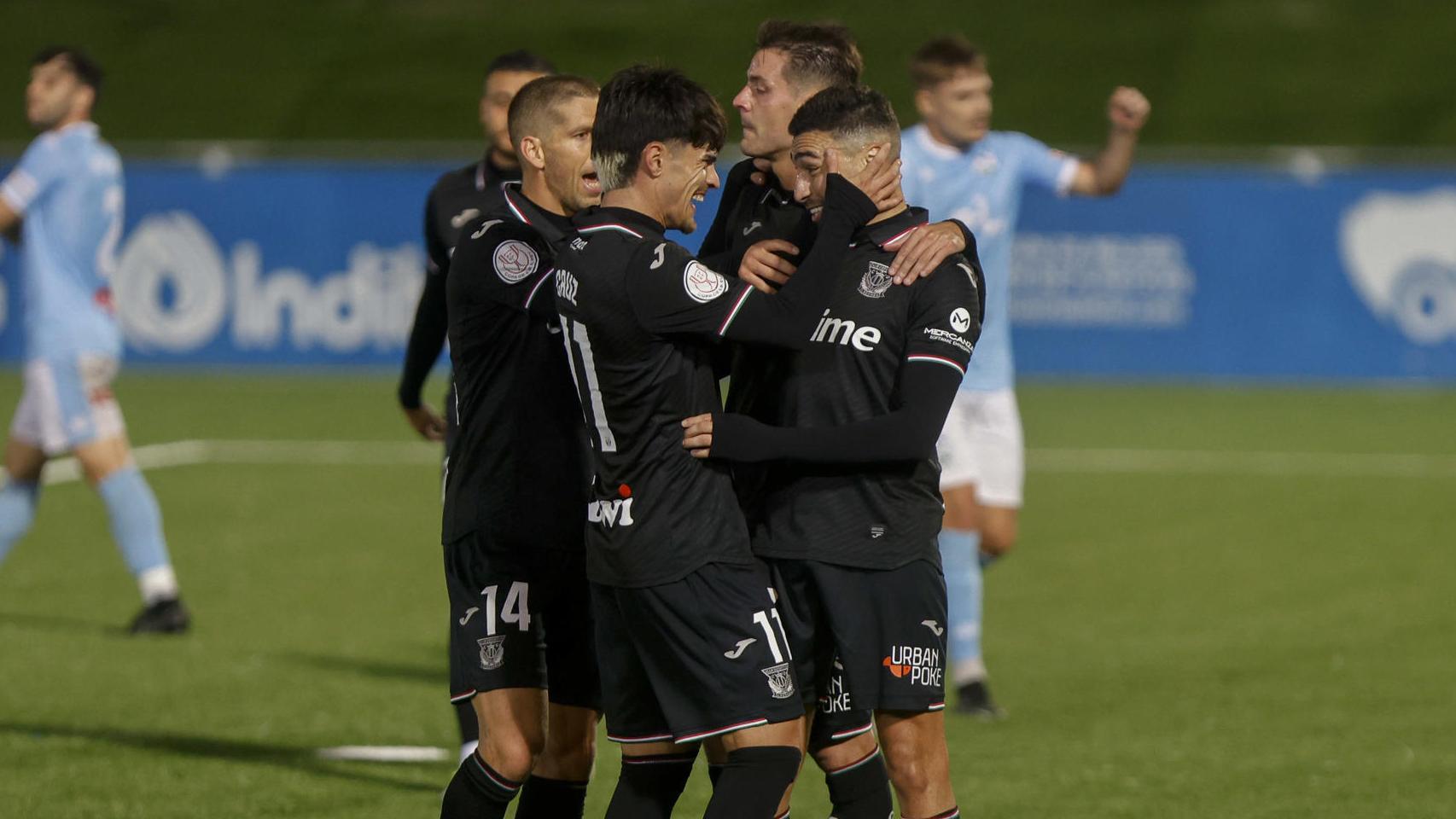 Los futbolistas del CD Leganés celebran el gol de Munir El Haddadi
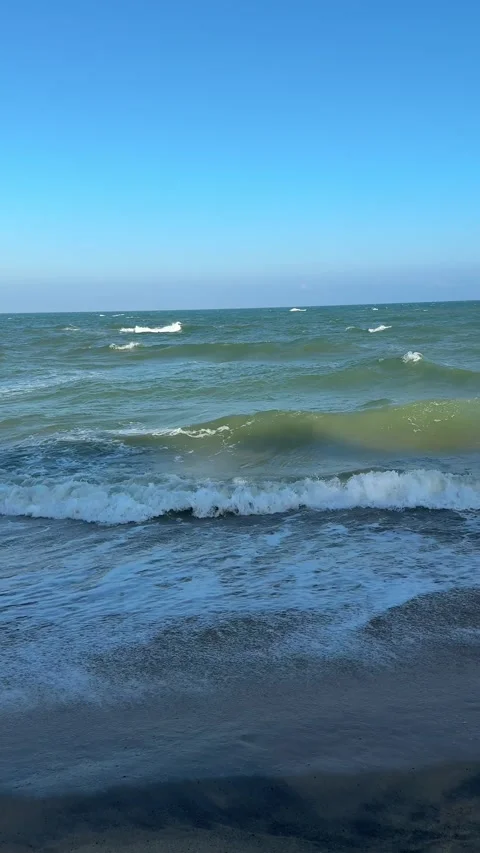Vertical Horizontal Tracking Shot of Blue Ocean Waves 4K Vídeos de archivo 331897403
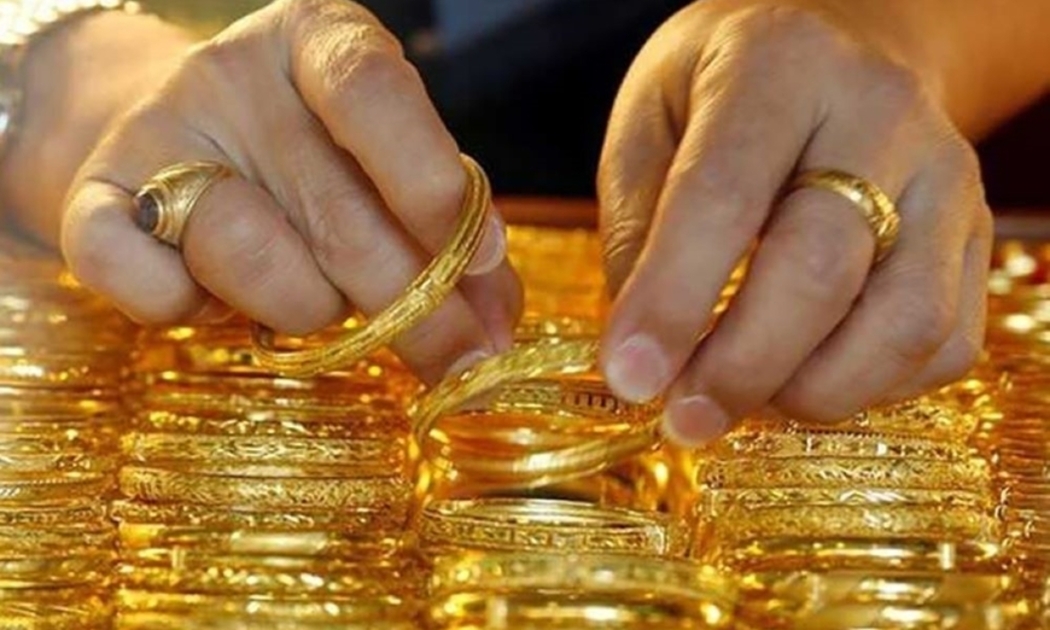 Giá vàng trong nước đồng loạt điều chỉnh giảm, ngược xu hướng thế giới.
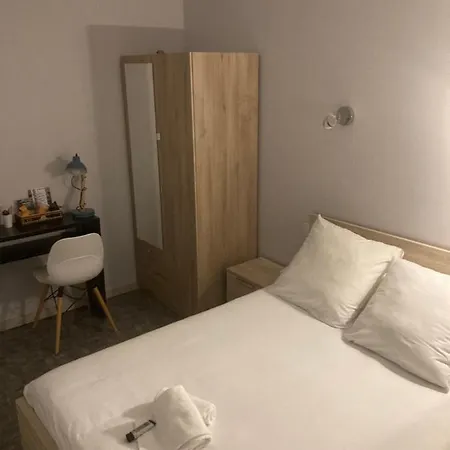 Hotel De La Foret 2*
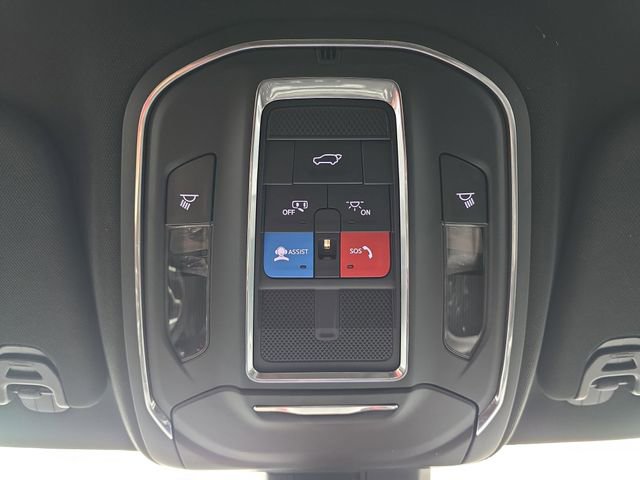 Used 2024 Jeep Wagoneer Series II w/ Flexible Seating Group image 39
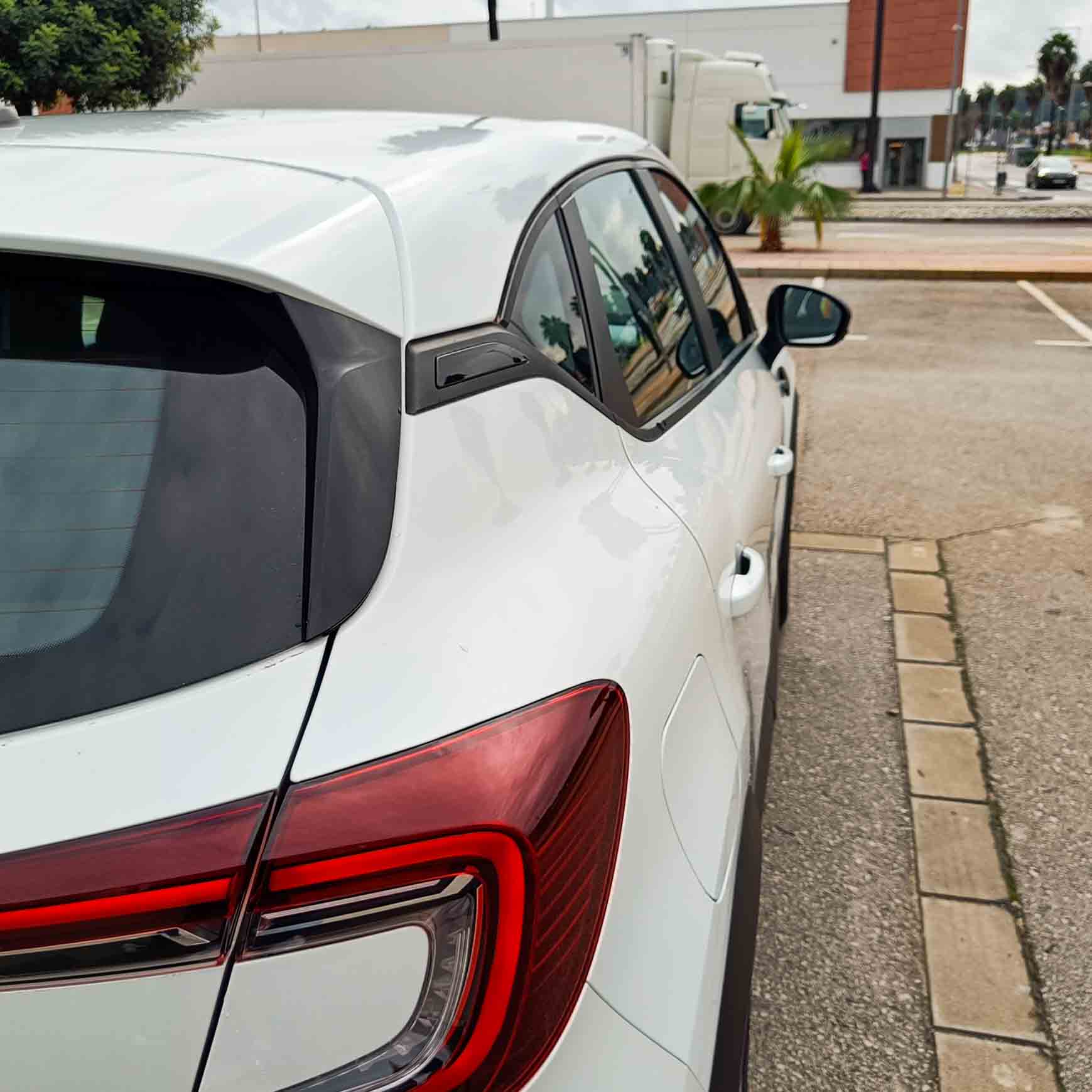 RENAULT CAPTUR TCE INTENSE GLP _ 101cv _ 2021 _ 146.000 kms _ Desde 179€/mes _ Hasta 700€ de descuento por financiación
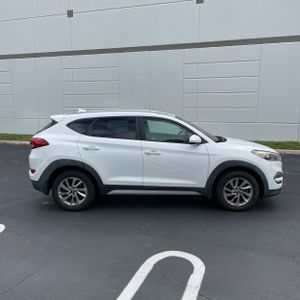 HYUNDAI TUCSON SEL - 10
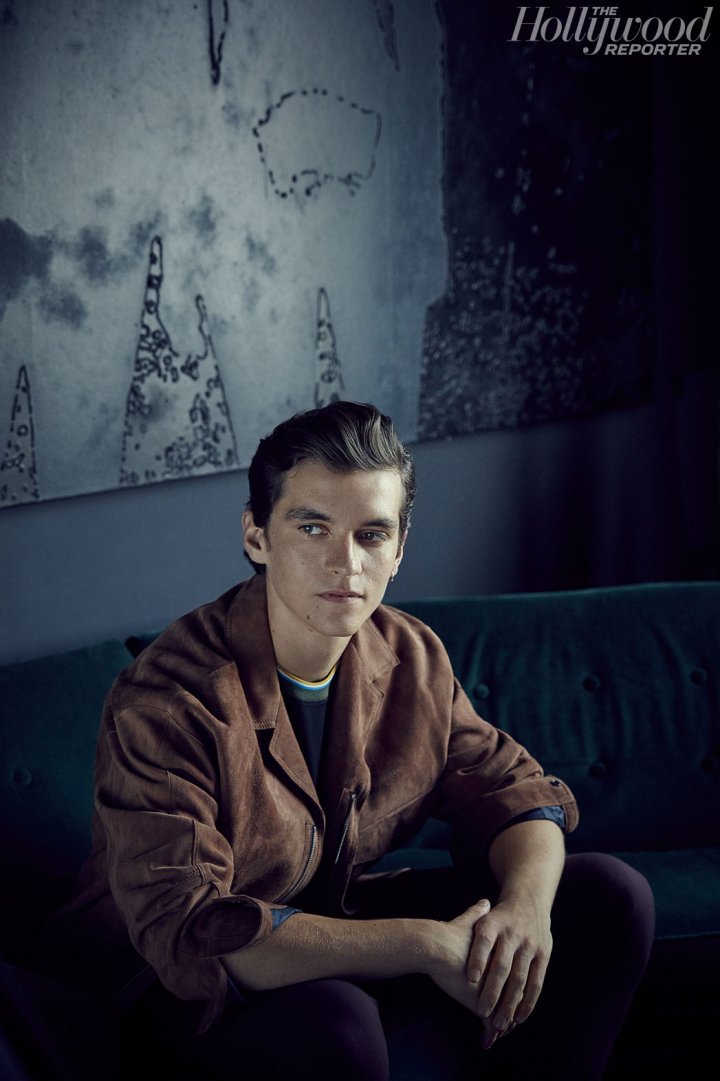 组图:《敦刻尔克》男主拍写真 笑容灿烂青春阳光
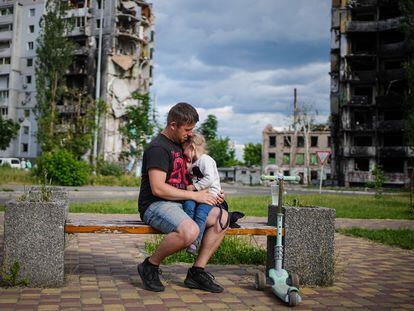 Un hombre con una niña, en Borodianka.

==*==

The finished copy should match the data above word for word and contain no pictures.

Task response:
 Los futbolistas del CD Leganés celebran el gol de Munir El Haddadi
Vertical Horizontal Tracking Shot of Blue Ocean Waves 4K Vídeos de archivo 331897403
 Giá vàng trong nước đồng loạt điều chỉnh giảm, ngược xu hướng thế giới.
 Hotel De La Foret 2*
 Used 2024 Jeep Wagoneer Series II w/ Flexible Seating Group image 39
 RENAULT CAPTUR TCE INTENSE GLP _ 101cv _ 2021 _ 146.000 kms _ Desde 179€/mes _ Hasta 700€ de descuento por financiación
 HYUNDAI TUCSON SEL - 10
 组图:《敦刻尔克》男主拍写真 笑容灿烂青春阳光
 Un hombre con una niña, en Borodianka.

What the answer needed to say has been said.